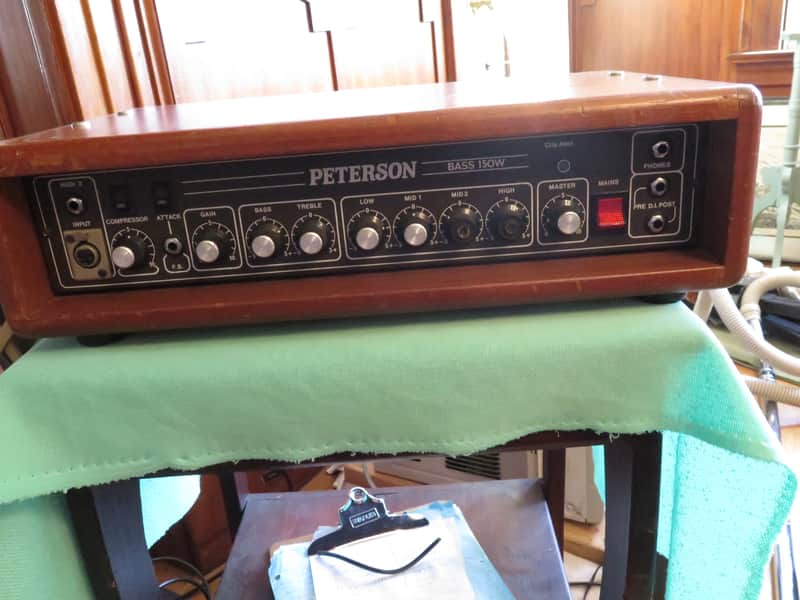 vintage UK 1990's Peterson bass amp head P-150 watts P150 jazz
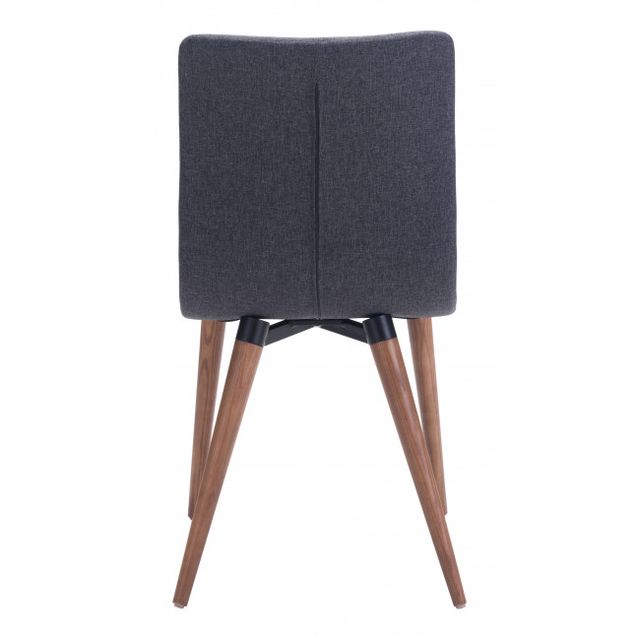 Zuo® Modern Jericho Gray Dining Chai-3
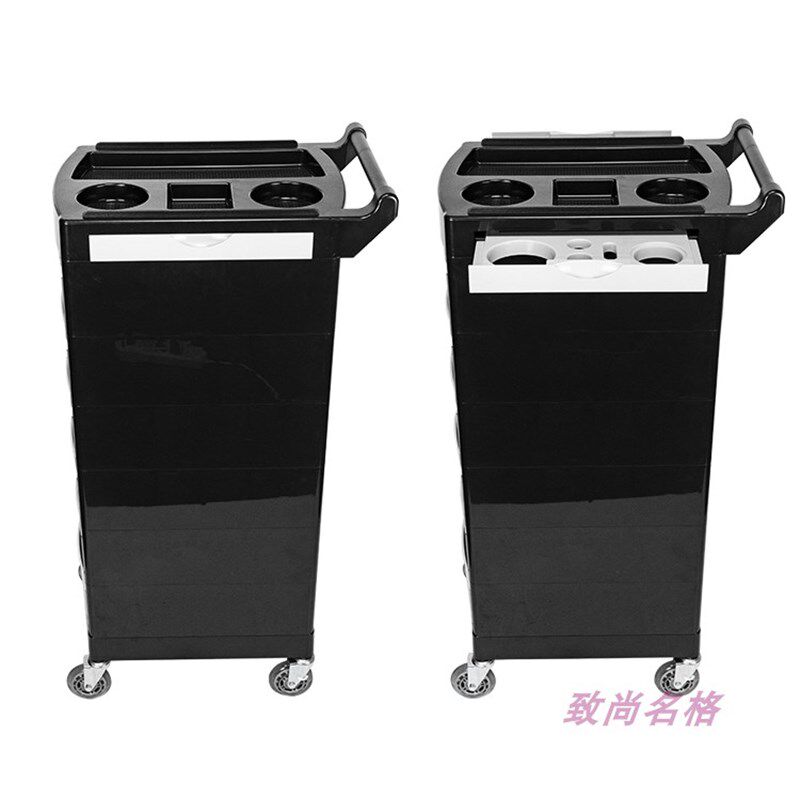 现货速发新款小推车美发车发廊工具车多功能储物工具柜复古理发店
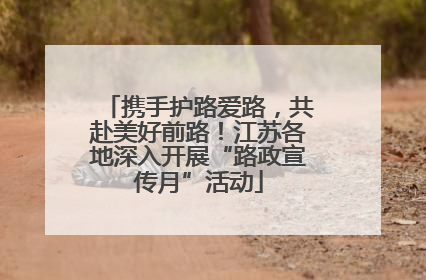 携手护路爱路，共赴美好前路！江苏各地深入开展“路政宣传月”活动
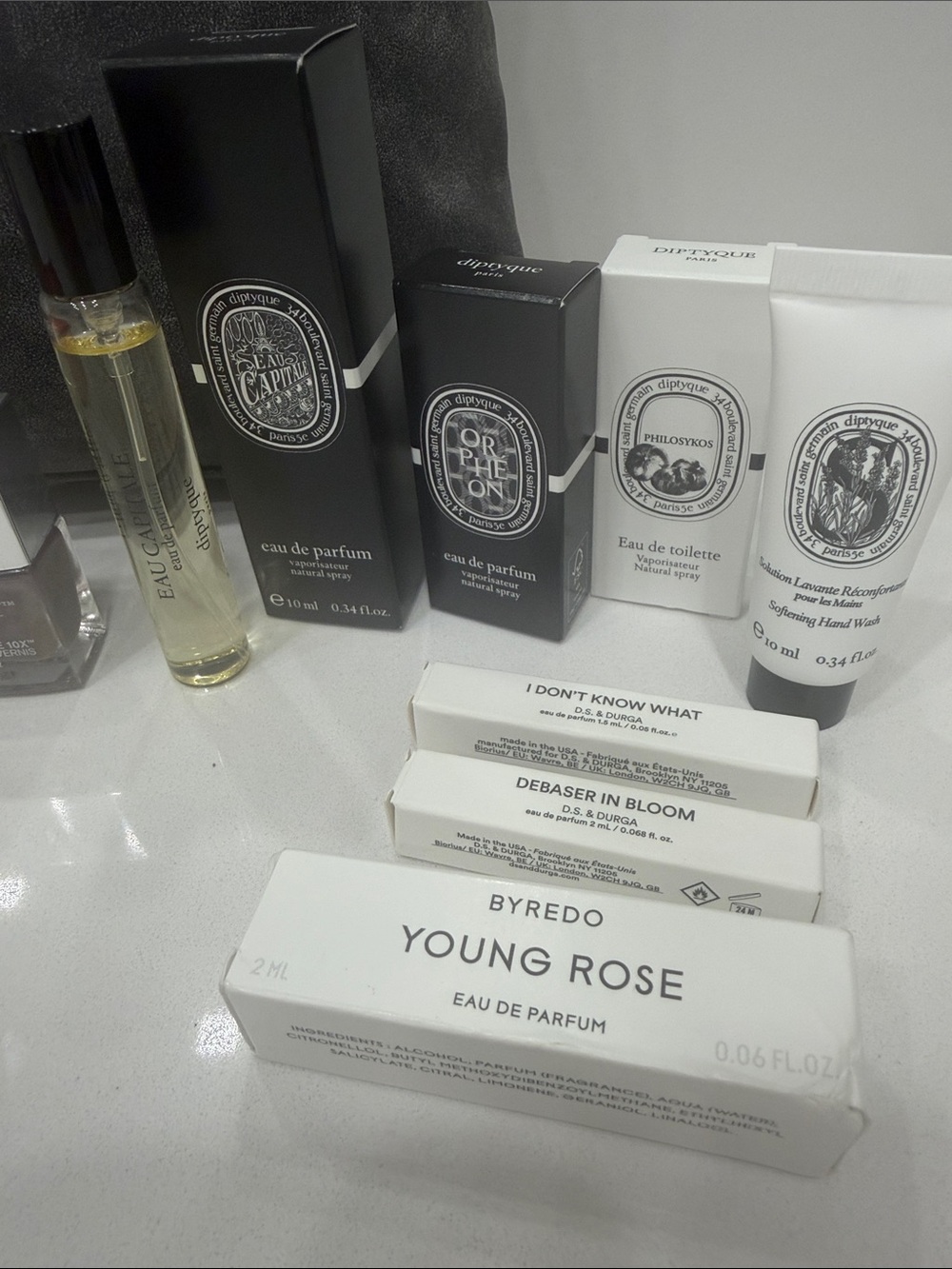 SPACENK  APOTHECARY LONDON Lg Cosmetic Bag / Clutch W/ Diptyque ,Butter London + - Picture 2 of 7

▬▬▬▬▬▬▬▬▬▬

WHAT THE TASK ASKS: Output the entries verbatim but drop the images.

SOLUTION:
 vintage UK 1990's Peterson bass amp head P-150 watts P150 jazz
 Zuo® Modern Jericho Gray Dining Chai-3
 现货速发新款小推车美发车发廊工具车多功能储物工具柜复古理发店
 携手护路爱路，共赴美好前路！江苏各地深入开展“路政宣传月”活动
 SPACENK  APOTHECARY LONDON Lg Cosmetic Bag / Clutch W/ Diptyque ,Butter London + - Picture 2 of 7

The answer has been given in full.